Balance Improving Strategies
Most of my clients are over fifty years in age. Their ability to maintain balance in challenging proprioceptive exercises varies greatly. Regardless of age, the more active you are the better your balance. Exercises that activate you proprioception sensors will help you improve your balance. If you have never done these exercises, get help. They are more risky than sitting in a leg press machine in a gym.
I incorporate balance exercises in all my client workout programs. Beginning with simple one leg standing movements we progress to harder weight bearing exercises like one leg curl and press. Next we add movement such as a step up to one leg curl and press. A good balance improving exercise is squats on a bozu ball; add arm exercises like shoulder raises or try using one leg for more challenge.
I am a fan of one leg exercises: one leg or pistol squats, one RDLs or hinges, and lunges. Working these exercises not only improves balance, but addresses lateral symmetry issues from imbalances and old injuries. Add weight to increase difficulty.
We do a variety of strength and core exercises using a stability ball (AKA exercise ball or balance ball). Examples are supine chest press, sitting military press, supine glute raise, and ab crunches.

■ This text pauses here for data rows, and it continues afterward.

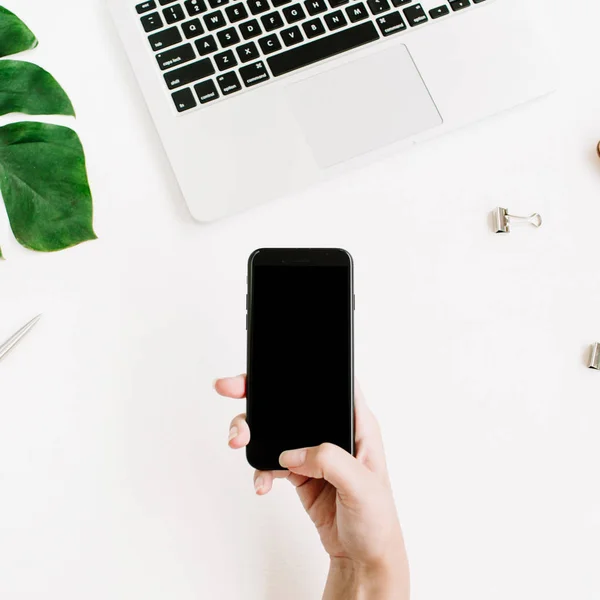 Mockup of smartphone with blank screen — Stock Photo, Image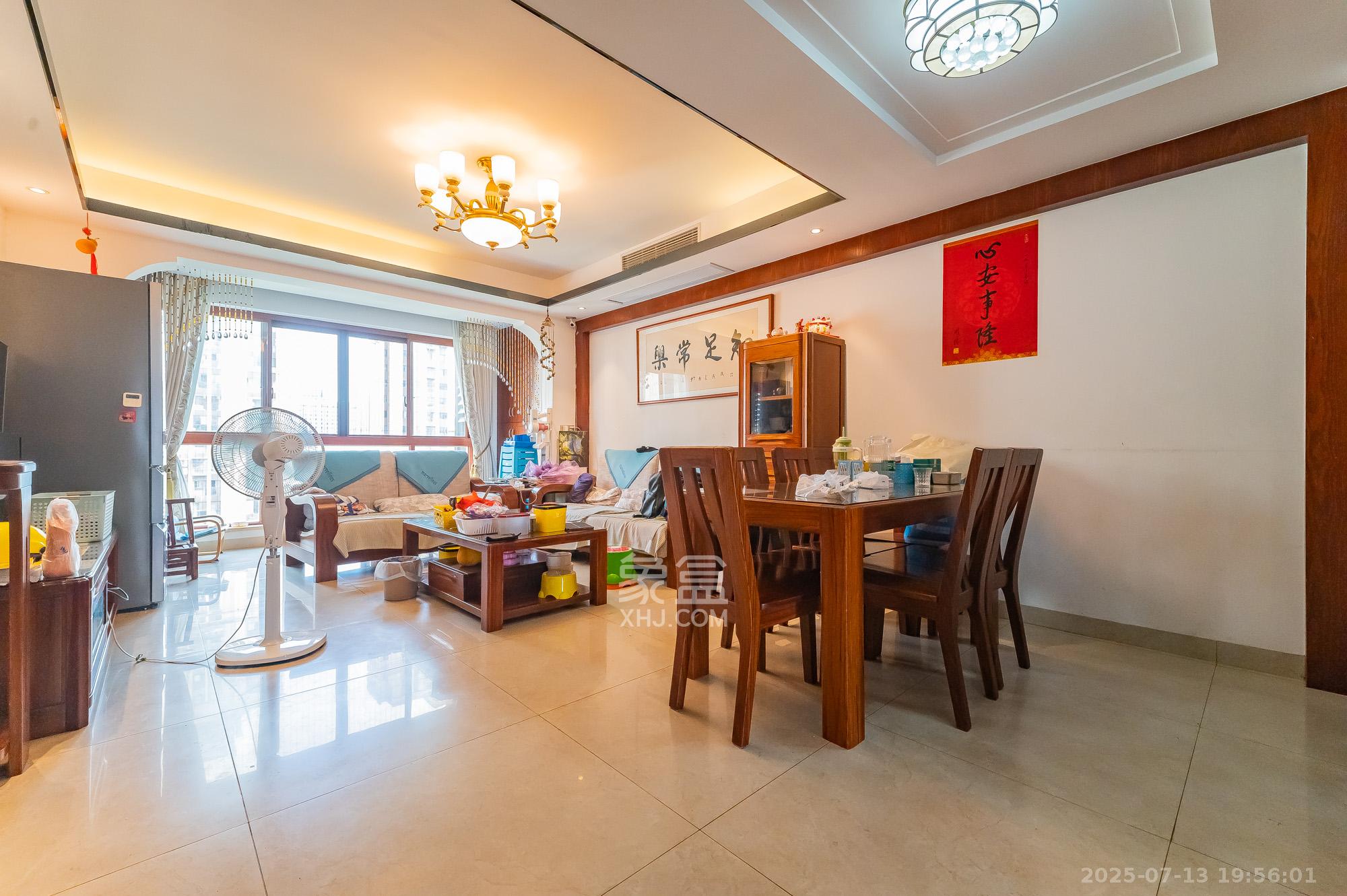 星湖湾一期高层 4室2厅2卫 120.0万 星湖湾一期高层 4室2厅2卫 120.0万客厅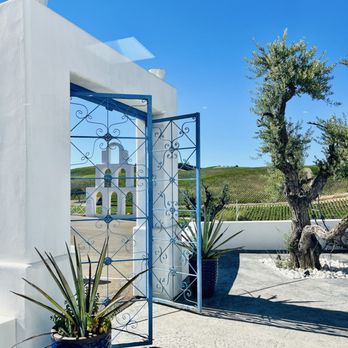 Sirena Vineyard Resort - Outdoor patio - Wineries Near Me - Paso Robles, California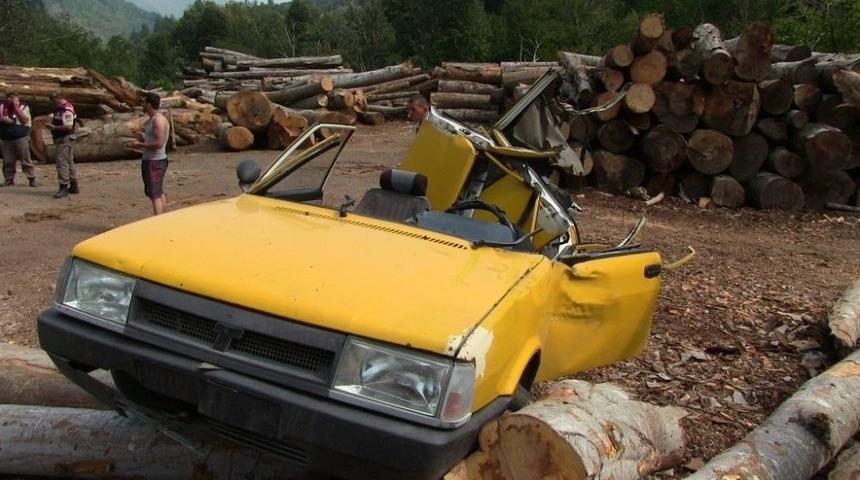 K&ouml;pekten Ka&ccedil;arken Kaza Yaptı: 2 Yaralı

I am not a yoga instructor, but I have been practicing yoga for decades. I add yoga exercises to the workout programs of clients. Standing yoga poses are helpful for balance: Half Moon, Warrior I and III, Tree, and Extended Triangle.
After building a solid base of balance, we progress to plyometric exercises incorporating balance, movement and strength: ice skaters, box jumps, med ball throws, burpees, jumping jacks and agility ladder exercises. Adding these exercises in a high intensity interval training program has multiple benefits regardless of age. Read https://crooked-thumb.com/2021/04/07/interval-training-live-longer-live-healthier/
The key is consistency. Do something every day. Challenge yourself with increasing difficulty. If I can help you email me at mailto:email@example.com
Standing on the bank of Clear Creek in the Wind River Wilderness, I watch with sober contemplation the dancing rapid. Swollen by a week of rain and a foot of snow in the high country, the creek is three feet deep and fills bank to bank. There is a bridge spanning the thirty foot wide creek: three logs from near bank to sloping rock midstream; and two logs from rock to far bank. The largest log has a diameter of four inches. The surging water kisses the bottom of the logs.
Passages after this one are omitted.